[Supplied records — start]

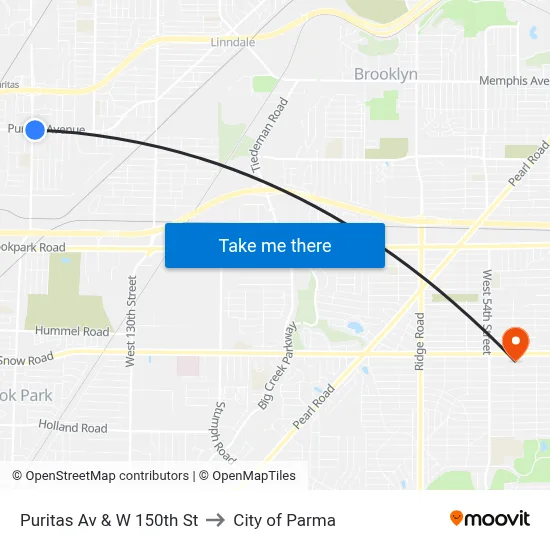 Puritas Av & W 150th St to City of Parma map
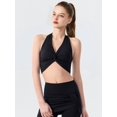 thumbnail image 5 of Women's Halter Twist Front T-Back Cropped Sports Tank Top Black S, 5 of 8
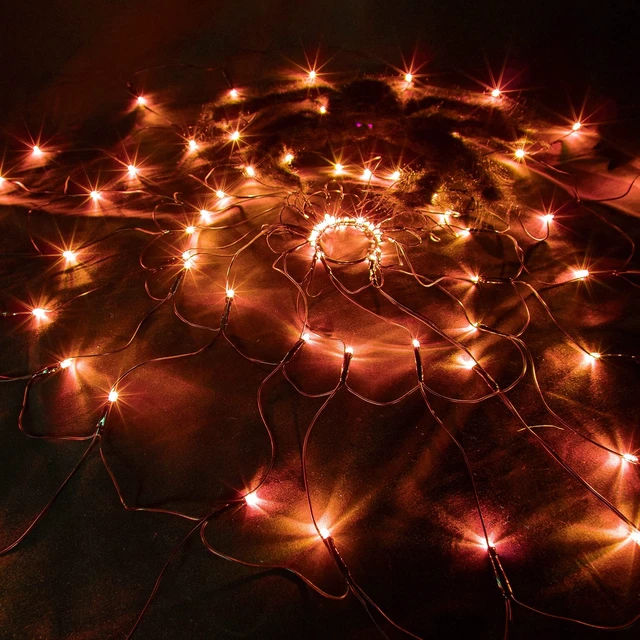 Alt view image 6 of 7 - Halloween 80 LED Orange Spider Web Lights with Spider, Battery Powered 8 Modes Light up Cobweb Halloween Decorations for Indoor Ourdoor Garden Yard Home Patio (Orange)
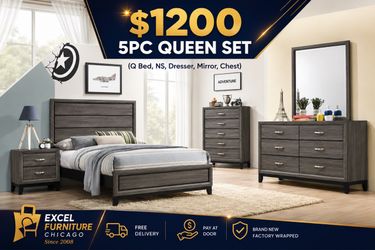 🌺 FREE DELIVERY 🌺Brand New 5PC Queen Size Bedroom Set ( Queen Bedframe, NS, Dresser, Mirror, Chest)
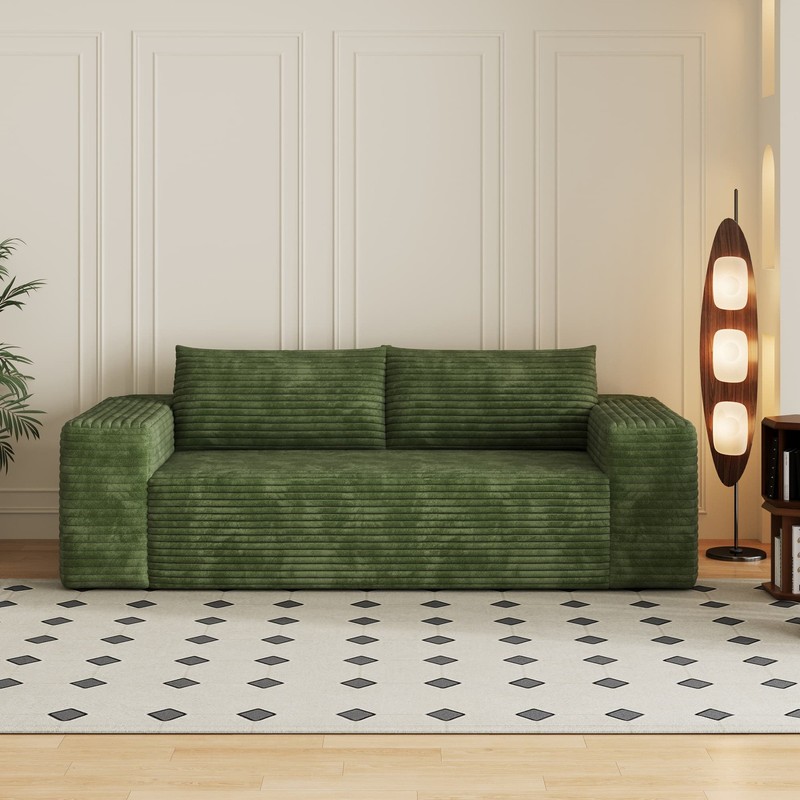 78.8" Boneless Cloud Loveseat Couch Deep Seat Sofa No-Assembly Plush Corduroy gallery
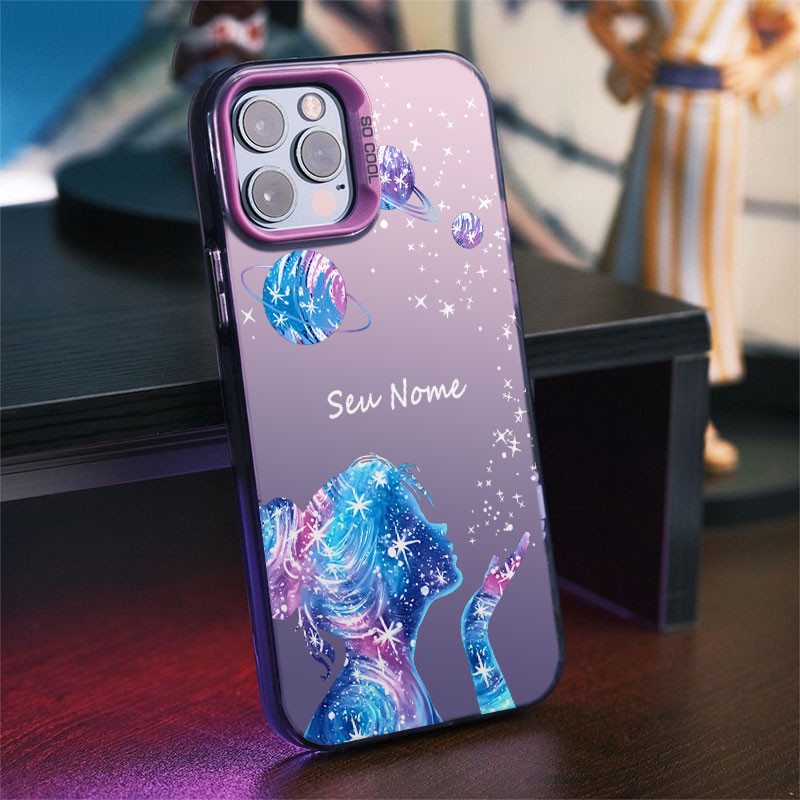 Capinha personalizada feminina glitter fofo para iPhone 11 normal 12 13 xr xsmax 14 15 16 pro max 8Plus 14 16plus 12 pro em Oferta na Shopee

[Supplied records — finish]

Exercise details → Every line from the one containing "Plush Corduroy gallery" through the final line of the records above is to be written out exactly; nothing else, and no pictures.

Exercise solution →
 78.8" Boneless Cloud Loveseat Couch Deep Seat Sofa No-Assembly Plush Corduroy gallery
 Capinha personalizada feminina glitter fofo para iPhone 11 normal 12 13 xr xsmax 14 15 16 pro max 8Plus 14 16plus 12 pro em Oferta na Shopee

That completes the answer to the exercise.